ASSIGNED TASK
In the listing below, find the line containing "勤劳女王叙事手法解析：时间线安排与视角切换技巧探讨" and the line containing "Unknown-C10-1965-Light-Blue-Dark-Blue-38". Repeat exactly those two lines and every line between them.
====
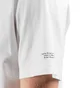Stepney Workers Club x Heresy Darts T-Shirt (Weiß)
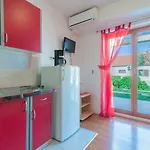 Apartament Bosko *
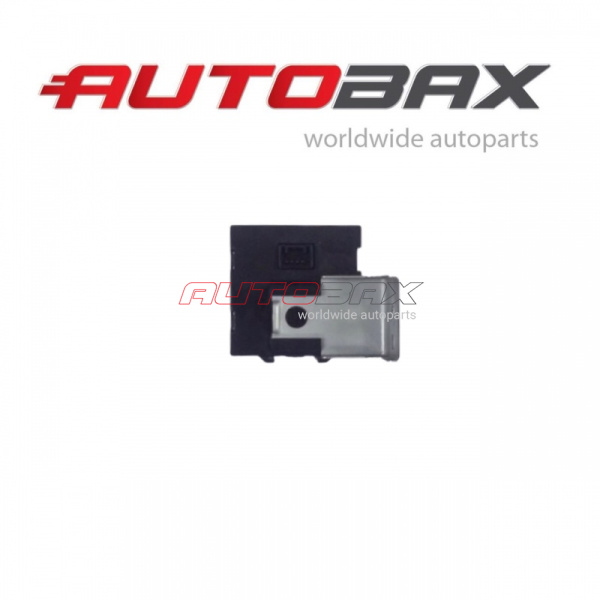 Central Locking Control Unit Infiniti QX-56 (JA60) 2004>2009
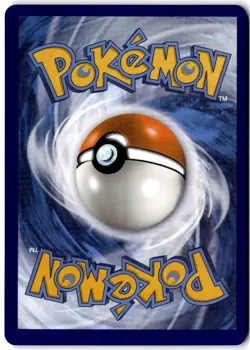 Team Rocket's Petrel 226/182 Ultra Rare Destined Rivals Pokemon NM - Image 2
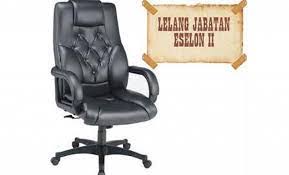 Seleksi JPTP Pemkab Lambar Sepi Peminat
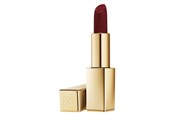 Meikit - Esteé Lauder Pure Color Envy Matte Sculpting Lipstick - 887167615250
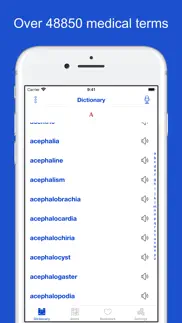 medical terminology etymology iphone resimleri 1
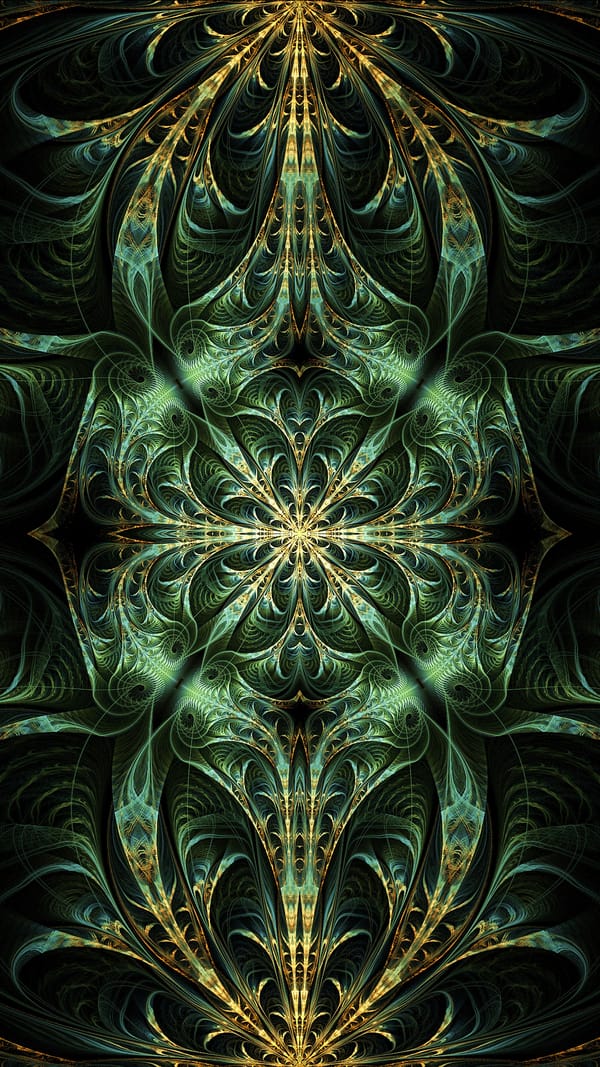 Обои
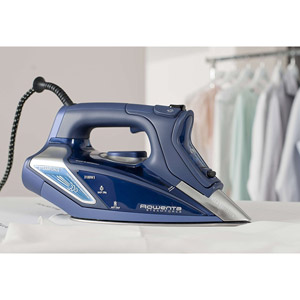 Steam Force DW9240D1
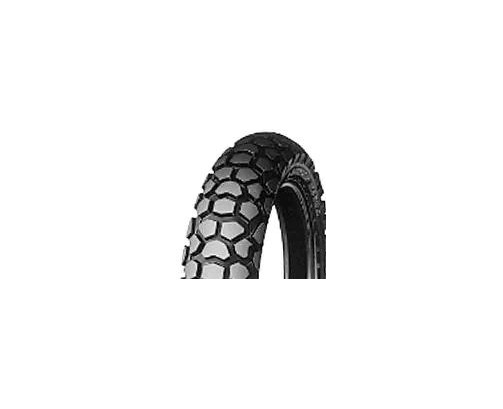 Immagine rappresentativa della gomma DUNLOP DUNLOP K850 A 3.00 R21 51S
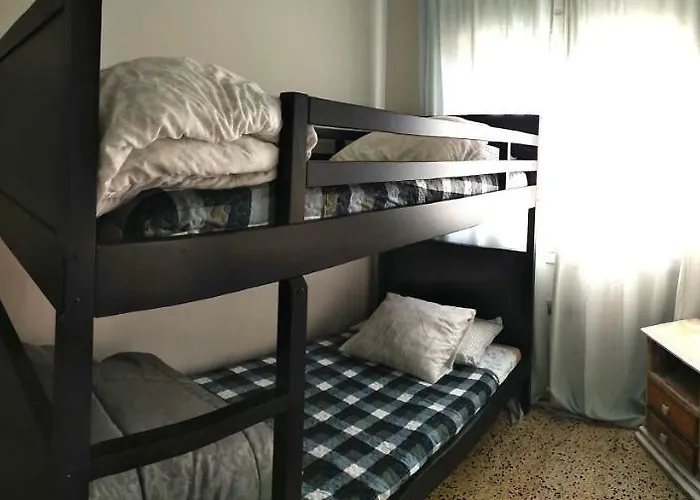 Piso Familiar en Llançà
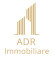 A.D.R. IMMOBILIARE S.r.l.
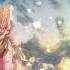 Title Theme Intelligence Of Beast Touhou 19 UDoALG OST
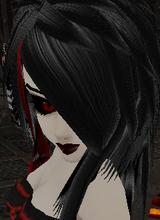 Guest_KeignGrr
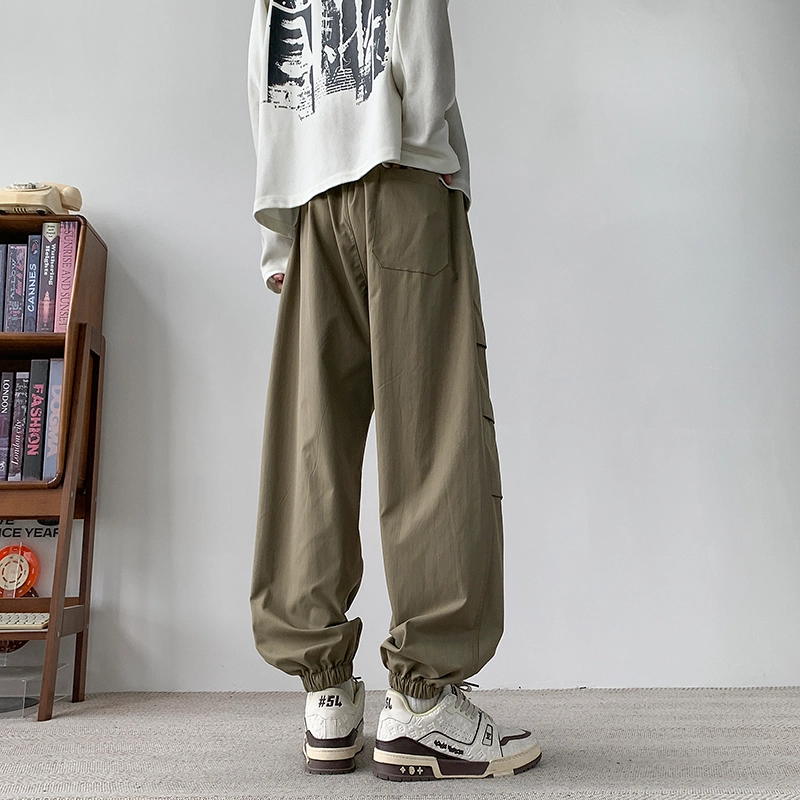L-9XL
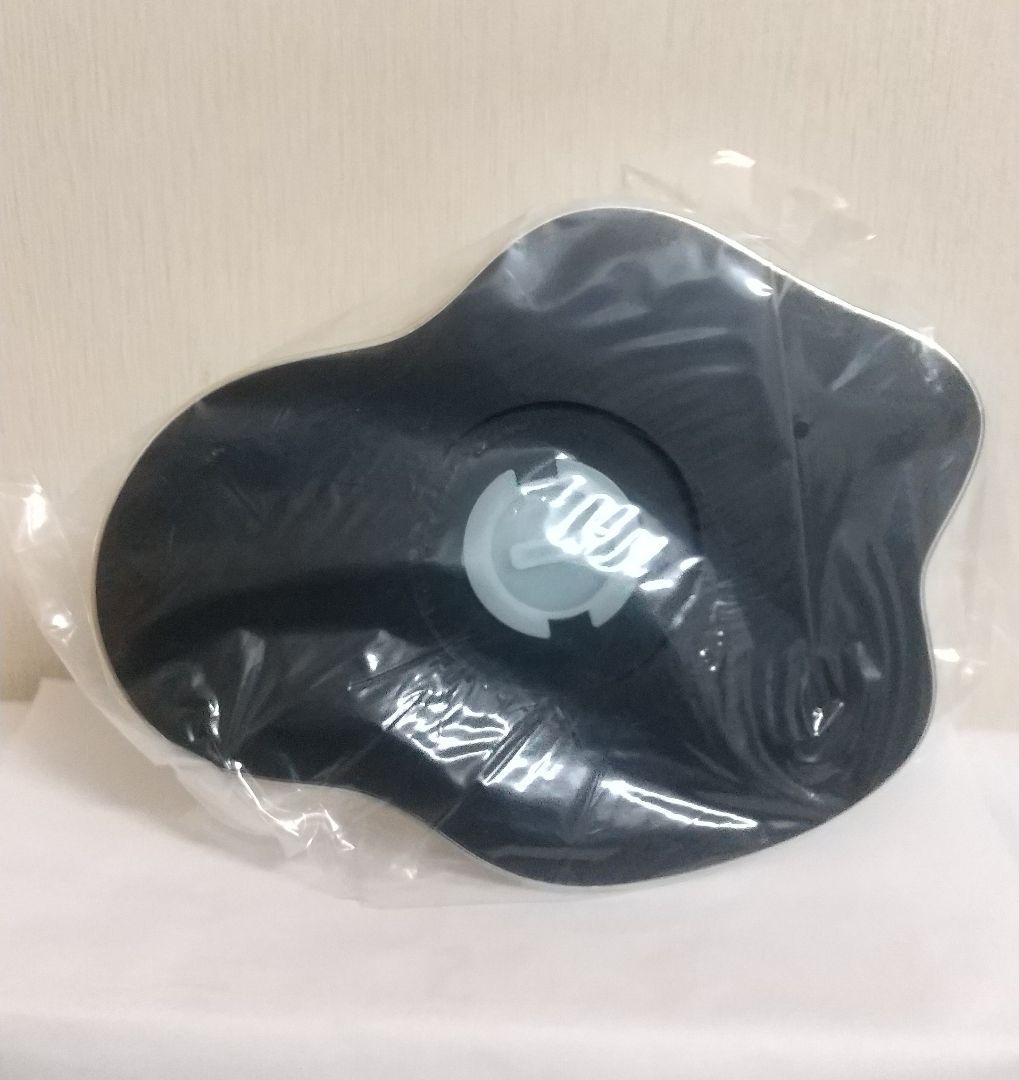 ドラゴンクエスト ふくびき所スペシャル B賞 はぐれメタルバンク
====
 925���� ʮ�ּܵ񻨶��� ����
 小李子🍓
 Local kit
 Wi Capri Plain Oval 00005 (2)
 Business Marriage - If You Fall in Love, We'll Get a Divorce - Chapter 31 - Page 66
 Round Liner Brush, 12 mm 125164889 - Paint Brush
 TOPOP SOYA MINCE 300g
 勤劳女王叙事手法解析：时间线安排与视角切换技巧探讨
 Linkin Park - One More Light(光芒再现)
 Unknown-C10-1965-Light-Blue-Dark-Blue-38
====
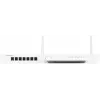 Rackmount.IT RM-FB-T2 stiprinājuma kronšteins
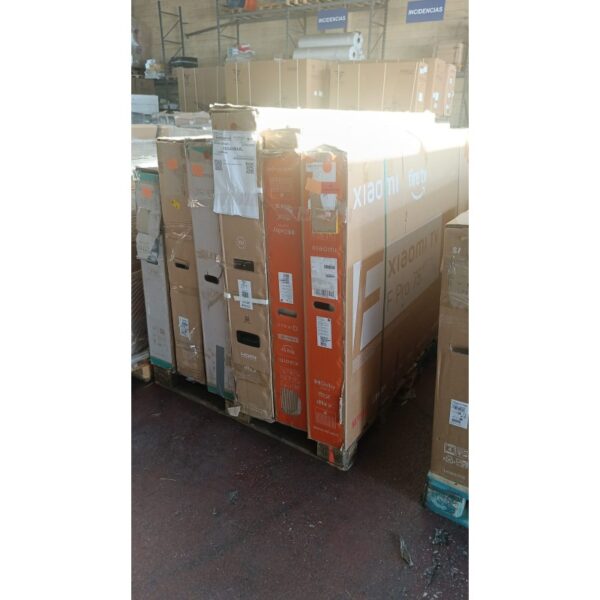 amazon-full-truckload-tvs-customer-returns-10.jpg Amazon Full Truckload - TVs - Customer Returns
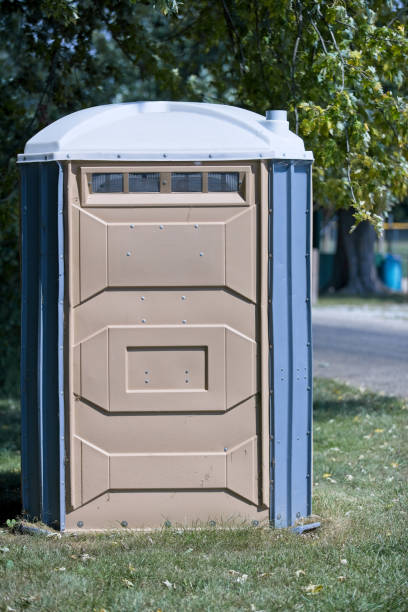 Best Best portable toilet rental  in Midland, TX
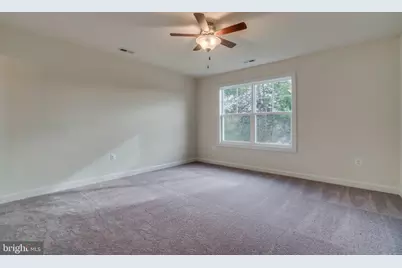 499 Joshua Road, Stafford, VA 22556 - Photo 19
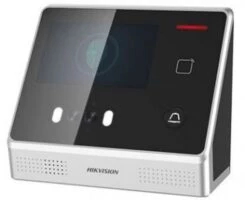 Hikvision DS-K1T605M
====
OUTPUT BELOW
 勤劳女王叙事手法解析：时间线安排与视角切换技巧探讨
 Linkin Park - One More Light(光芒再现)
 Unknown-C10-1965-Light-Blue-Dark-Blue-38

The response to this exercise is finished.